**What this task involves:** Below are the records; copy exactly the stretch from the line containing "петля двери Mercedes-Benz" through the line containing "Photo 19 of", both ends included, and nothing else.
= Beginning of Section =
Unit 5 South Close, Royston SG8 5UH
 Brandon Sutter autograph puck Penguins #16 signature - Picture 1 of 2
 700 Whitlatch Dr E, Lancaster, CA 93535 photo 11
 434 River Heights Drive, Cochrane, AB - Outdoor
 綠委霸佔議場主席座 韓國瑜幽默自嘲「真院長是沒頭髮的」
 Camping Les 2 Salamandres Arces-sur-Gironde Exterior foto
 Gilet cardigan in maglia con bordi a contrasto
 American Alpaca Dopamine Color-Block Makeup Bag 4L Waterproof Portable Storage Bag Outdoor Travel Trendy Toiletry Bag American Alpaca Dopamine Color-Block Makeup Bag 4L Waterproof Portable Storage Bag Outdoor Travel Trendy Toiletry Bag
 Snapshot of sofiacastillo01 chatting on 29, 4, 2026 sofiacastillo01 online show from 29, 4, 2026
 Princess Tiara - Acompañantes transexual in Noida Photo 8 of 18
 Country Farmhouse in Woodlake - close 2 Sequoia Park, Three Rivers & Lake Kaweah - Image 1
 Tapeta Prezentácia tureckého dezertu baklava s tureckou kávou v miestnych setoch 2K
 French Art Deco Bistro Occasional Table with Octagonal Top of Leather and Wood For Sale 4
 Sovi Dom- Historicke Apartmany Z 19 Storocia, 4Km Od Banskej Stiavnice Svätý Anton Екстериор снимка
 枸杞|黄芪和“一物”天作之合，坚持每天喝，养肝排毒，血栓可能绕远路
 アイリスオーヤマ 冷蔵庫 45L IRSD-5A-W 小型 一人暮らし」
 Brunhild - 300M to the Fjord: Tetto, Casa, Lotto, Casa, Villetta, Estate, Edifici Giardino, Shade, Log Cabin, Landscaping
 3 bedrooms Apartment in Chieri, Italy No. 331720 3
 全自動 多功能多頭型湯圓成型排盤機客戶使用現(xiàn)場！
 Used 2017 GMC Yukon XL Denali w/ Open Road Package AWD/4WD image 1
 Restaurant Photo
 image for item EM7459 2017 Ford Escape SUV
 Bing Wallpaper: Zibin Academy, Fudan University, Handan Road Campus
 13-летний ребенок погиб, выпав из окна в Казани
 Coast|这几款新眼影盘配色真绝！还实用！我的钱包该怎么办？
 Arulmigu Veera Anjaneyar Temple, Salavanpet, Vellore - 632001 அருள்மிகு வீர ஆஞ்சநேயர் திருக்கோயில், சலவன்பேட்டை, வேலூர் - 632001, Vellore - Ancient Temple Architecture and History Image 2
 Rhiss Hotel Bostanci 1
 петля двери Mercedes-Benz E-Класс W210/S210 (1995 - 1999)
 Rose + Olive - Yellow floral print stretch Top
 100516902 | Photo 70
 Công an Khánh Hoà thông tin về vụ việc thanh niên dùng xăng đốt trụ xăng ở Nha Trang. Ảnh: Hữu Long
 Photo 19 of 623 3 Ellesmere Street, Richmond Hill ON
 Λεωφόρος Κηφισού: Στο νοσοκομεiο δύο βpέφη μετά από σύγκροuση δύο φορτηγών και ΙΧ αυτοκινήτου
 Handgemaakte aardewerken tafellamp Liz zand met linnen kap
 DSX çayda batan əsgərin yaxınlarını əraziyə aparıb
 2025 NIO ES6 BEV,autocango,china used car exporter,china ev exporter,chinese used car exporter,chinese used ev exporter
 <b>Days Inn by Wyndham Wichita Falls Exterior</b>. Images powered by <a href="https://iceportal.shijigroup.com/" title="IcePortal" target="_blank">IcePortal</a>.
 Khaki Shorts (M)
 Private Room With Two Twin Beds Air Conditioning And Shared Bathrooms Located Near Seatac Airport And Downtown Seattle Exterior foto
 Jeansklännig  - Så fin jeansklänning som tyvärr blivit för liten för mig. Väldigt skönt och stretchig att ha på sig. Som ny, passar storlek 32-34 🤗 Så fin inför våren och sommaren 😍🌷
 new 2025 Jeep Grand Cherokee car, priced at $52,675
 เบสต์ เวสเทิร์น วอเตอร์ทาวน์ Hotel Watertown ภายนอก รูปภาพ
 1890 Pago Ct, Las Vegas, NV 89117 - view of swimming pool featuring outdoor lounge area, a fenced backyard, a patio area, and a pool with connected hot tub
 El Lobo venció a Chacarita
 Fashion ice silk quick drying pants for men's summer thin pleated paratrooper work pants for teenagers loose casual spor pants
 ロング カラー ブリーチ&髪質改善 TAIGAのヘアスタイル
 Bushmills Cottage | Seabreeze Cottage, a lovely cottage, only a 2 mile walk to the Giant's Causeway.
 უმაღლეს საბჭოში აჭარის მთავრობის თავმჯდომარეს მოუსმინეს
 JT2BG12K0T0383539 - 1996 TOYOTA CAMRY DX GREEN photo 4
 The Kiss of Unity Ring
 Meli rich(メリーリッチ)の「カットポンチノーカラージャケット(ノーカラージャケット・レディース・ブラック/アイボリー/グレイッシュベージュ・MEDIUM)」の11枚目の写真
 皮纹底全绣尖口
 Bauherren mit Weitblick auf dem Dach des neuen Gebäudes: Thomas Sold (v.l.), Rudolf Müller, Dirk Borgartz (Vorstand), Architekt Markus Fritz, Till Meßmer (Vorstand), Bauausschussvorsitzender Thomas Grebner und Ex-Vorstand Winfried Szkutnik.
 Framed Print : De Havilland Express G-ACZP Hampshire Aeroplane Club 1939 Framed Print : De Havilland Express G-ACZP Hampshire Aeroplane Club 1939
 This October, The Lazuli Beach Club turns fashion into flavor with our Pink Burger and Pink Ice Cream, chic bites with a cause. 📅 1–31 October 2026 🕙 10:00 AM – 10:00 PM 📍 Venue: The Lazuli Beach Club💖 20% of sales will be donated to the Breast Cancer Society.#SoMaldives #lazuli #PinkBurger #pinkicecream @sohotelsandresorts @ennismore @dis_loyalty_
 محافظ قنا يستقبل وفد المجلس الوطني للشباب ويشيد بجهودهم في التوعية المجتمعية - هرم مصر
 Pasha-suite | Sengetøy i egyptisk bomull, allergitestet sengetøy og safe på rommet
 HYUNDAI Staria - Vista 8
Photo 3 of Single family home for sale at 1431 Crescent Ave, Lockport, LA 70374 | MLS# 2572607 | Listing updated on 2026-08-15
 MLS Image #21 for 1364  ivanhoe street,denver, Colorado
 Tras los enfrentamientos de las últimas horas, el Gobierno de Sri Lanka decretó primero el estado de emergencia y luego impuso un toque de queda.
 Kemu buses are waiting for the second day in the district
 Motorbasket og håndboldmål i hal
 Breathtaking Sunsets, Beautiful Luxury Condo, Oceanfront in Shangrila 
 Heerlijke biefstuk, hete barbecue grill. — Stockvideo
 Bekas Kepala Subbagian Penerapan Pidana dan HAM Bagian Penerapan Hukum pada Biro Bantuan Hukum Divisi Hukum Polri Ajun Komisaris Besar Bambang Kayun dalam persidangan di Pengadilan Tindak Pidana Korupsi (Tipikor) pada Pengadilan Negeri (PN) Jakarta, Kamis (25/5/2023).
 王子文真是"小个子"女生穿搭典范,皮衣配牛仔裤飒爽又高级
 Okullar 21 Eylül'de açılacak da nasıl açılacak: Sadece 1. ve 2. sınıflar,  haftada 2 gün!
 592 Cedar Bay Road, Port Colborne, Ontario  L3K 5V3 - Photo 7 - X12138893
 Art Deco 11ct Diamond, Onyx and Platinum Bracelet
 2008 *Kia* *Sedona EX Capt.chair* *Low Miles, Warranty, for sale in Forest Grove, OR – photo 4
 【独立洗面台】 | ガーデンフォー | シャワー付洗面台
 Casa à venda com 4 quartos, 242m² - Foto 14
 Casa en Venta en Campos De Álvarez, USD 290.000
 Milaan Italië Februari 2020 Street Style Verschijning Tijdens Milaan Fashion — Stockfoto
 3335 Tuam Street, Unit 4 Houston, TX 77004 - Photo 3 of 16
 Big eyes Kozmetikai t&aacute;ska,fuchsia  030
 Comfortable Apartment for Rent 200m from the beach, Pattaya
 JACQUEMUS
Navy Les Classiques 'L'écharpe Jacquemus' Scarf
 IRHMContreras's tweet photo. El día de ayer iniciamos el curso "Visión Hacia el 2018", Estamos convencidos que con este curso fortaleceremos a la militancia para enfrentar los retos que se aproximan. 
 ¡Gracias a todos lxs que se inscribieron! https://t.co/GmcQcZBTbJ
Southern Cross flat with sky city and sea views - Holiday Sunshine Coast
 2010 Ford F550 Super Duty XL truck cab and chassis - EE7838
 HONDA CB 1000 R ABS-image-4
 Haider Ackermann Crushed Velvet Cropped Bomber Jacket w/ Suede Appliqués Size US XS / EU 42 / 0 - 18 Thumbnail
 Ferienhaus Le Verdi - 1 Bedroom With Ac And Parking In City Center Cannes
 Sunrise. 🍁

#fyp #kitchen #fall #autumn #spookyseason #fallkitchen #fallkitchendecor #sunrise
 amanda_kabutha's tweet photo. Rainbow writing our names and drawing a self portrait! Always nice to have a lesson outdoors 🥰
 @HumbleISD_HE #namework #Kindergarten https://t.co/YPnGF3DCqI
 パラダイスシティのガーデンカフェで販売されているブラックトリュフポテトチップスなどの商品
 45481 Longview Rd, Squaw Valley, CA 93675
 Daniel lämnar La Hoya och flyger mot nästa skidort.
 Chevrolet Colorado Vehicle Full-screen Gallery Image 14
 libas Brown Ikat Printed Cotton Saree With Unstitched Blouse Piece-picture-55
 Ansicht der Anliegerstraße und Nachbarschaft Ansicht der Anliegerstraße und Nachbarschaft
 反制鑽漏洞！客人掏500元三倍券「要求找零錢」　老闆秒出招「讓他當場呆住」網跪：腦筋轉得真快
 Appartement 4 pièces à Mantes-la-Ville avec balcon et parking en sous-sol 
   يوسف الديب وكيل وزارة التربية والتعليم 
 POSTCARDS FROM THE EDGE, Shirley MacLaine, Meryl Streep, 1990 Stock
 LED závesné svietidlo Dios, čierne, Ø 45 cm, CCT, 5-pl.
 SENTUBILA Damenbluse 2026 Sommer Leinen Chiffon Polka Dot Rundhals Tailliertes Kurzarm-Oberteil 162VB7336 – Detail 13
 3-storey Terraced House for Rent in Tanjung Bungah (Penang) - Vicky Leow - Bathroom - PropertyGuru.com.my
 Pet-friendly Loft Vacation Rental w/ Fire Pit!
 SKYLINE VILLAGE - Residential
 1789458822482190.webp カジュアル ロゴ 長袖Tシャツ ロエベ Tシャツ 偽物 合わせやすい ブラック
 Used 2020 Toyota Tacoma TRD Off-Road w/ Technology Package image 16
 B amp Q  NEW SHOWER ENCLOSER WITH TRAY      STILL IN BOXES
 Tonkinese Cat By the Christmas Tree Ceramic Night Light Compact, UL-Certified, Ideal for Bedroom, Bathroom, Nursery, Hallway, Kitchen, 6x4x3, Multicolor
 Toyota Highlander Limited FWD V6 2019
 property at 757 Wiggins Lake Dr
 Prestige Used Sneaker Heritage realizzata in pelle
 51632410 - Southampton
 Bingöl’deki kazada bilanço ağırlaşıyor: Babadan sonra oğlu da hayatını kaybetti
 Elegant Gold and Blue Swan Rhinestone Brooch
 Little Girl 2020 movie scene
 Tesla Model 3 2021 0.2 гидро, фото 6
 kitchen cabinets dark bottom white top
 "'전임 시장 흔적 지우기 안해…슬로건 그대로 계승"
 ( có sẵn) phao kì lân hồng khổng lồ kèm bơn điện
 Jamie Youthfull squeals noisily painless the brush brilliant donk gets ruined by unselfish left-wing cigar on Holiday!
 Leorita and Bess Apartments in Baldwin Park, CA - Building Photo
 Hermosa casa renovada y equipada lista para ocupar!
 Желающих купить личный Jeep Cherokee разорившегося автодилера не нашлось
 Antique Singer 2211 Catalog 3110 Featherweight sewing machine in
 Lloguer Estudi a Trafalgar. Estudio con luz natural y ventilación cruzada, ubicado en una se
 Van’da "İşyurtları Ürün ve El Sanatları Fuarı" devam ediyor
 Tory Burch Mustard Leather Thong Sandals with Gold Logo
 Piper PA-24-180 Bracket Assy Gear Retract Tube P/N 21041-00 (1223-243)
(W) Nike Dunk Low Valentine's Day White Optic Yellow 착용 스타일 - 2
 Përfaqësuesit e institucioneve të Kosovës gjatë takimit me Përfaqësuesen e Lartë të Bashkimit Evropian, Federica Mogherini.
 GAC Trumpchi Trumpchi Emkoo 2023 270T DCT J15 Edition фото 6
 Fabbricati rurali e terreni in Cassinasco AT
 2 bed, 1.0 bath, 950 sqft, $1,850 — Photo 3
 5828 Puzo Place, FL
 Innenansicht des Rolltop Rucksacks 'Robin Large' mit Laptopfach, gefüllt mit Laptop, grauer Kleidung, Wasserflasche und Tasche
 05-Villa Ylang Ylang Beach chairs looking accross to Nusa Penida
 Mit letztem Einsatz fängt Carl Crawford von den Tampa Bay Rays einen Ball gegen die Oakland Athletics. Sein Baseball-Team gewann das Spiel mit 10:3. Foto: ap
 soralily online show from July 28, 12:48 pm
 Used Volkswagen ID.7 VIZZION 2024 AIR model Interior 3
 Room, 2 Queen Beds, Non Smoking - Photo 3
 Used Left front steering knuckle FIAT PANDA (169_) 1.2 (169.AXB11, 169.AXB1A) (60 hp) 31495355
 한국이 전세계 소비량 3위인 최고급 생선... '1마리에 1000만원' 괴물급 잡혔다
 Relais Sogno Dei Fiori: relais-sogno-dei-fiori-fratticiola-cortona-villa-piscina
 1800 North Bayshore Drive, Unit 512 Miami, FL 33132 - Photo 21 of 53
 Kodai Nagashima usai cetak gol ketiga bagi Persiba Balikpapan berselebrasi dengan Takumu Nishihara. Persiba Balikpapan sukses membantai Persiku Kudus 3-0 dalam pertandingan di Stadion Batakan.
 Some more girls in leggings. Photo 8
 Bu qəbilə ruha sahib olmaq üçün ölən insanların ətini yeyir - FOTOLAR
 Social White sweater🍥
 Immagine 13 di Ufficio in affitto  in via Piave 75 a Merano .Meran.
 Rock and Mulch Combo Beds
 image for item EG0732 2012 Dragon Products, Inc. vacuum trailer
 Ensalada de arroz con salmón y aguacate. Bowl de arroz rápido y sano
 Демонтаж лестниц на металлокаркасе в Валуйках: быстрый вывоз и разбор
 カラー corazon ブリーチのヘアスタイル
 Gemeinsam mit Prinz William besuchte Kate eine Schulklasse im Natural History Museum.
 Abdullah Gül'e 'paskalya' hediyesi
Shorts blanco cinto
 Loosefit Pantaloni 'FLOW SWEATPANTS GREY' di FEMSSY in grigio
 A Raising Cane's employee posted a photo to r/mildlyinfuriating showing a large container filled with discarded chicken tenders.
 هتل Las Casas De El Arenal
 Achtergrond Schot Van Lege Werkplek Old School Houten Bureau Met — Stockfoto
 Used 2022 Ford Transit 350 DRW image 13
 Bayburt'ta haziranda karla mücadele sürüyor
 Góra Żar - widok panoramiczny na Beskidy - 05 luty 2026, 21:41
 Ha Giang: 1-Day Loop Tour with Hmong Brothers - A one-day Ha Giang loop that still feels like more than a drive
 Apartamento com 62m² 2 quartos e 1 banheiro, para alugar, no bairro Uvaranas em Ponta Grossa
= End of Section =
**Reply to the task:**
 петля двери Mercedes-Benz E-Класс W210/S210 (1995 - 1999)
 Rose + Olive - Yellow floral print stretch Top
 100516902 | Photo 70
 Công an Khánh Hoà thông tin về vụ việc thanh niên dùng xăng đốt trụ xăng ở Nha Trang. Ảnh: Hữu Long
 Photo 19 of 623 3 Ellesmere Street, Richmond Hill ON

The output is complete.